Fonction palier Il n'est pas rare de voir des personnes entrer en panique dès qu'elles se trouvent en présence de plus de deux ou trois interlocuteurs. Et il leur faut un très long apprivoisement de leurs peurs avant d'être à l'aise dans des assemblées plus nombreuses. Mais si elles ont un jour la chance d'appartenir à un groupe d'écriture, elles atteignent beaucoup plus rapidement le palier de la sécurité. En effet, lorsqu'on crée ensemble, dans la joie, lorsqu'on peut se frotter aux autres sans éprouver aucune blessure, alors on peut commencer à croire qu'il pourrait être intéressant de s'ouvrir à une plus grande communication. L'aspect libérateur du groupe est incontestable. Parfois, il a son unité. Et il évolue comme une personne : l'une des parties de chacun s'accordant à la même partie des autres. Et c'est comme une résonance amplificatrice. Parfois, au contraire, il est traversé de contradictions. Et c'est tout bénéfice parce que « les contradictions sont le moteur du développement ». Mais c'est surtout sur l'audace que s'applique l'amplification. Il suffit d'un pas de plus de l'un des participants pour que le groupe rentre en résonance surenchérissante. Et cela provoque le déchirement du filet des contraintes.
Mais je crois que l'élément fondamental c'est l'absence de culpabilisation : personne ne peut se sentir coupable puisque personne ne peut être tenu pour responsable de la création collective. Puisque personne n'est repérable. Et c'est vrai aussi dans l'autre sens si quelqu'un se hasarde sur le plan de la tendresse ou de la confidence, cela peut gagner l'ensemble du groupe et créer un climat de confiance inespéré. Et, là encore, personne ne pourra être moqué sur son désir « impudique » de tendresse puisque le seul responsable, c'est le groupe tout entier. Cet évitement de la culpabilisation est étonnant, c'est si rare de pouvoir faire quelque chose qui ne puisse vous être imputé à défaut ou à crime.

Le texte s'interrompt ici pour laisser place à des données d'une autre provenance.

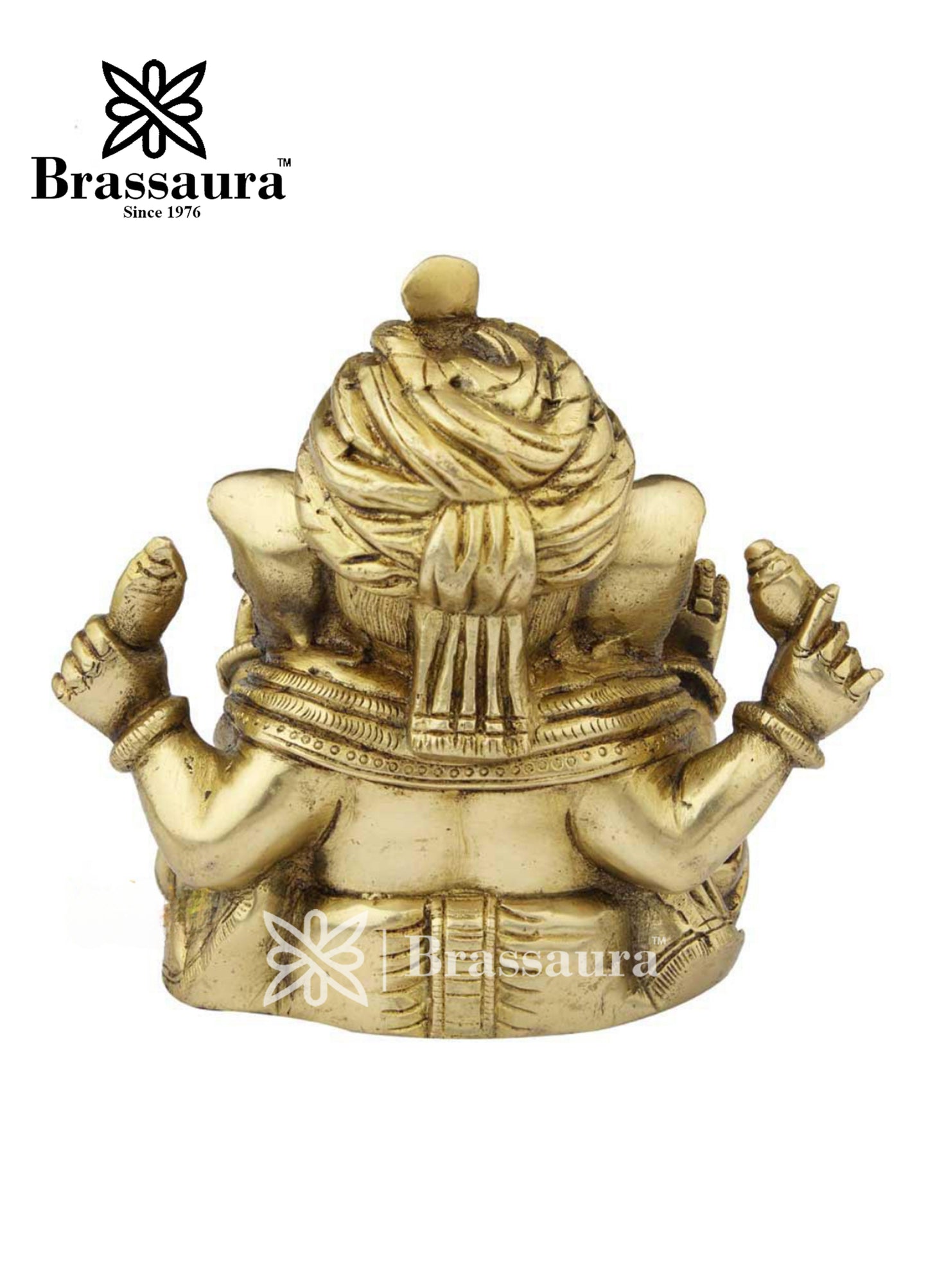 Brass Turban Ganesha Statue For Home Decor And Gift Item Weight 2.5 Kg And Height 7 Inch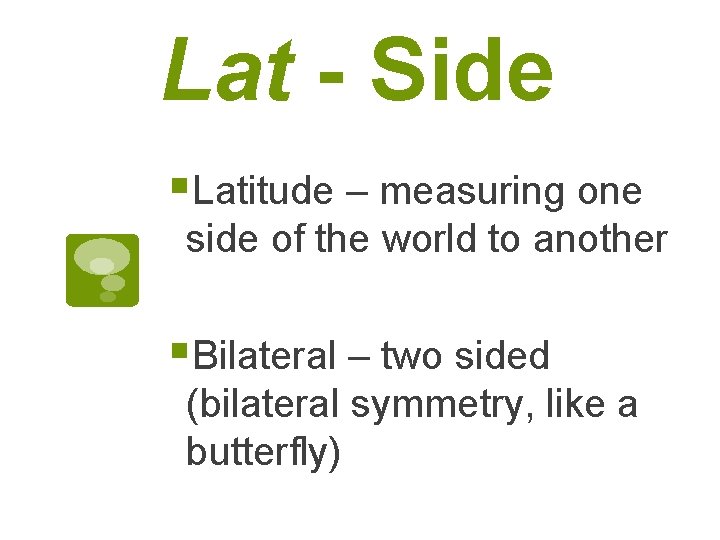 Lat - Side §Latitude – measuring one side of the world to another §Bilateral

Mais il est un autre point aussi surprenant et qui le rejoint d'ailleurs un peu : l'acceptation des personnes. J'ai personnellement longtemps cherché à en savoir les raisons. Je crois avoir enfin compris : les jugements ne peuvent être que positifs.
En effet, il y a dans le groupe une grande diversité de personnalités, une infinité de références personnelles, une grande variété de perceptions. Et ce n'est pas étonnant qu'à un moment ou un autre, quelqu'un puisse se reconnaître dans ce que l'un ou l'autre a écrit. Et qu'il puisse y réagir positivement. Songeons par exemple, que dans un groupe de quinze personnes, le vers tournant fait écrire quinze lignes à chacun. Et comme il y a quatorze écoutes différentes, c'est bien le diable si l'une de ces lignes ne trouve pas un écho. Et dans la séance initiale, on écrit une soixantaine de lignes. Il est totalement impensable qu'au moins une de ces productions ne soit accueillie favorablement. Et on se rassure si facilement du moindre indice d'acceptation de soi.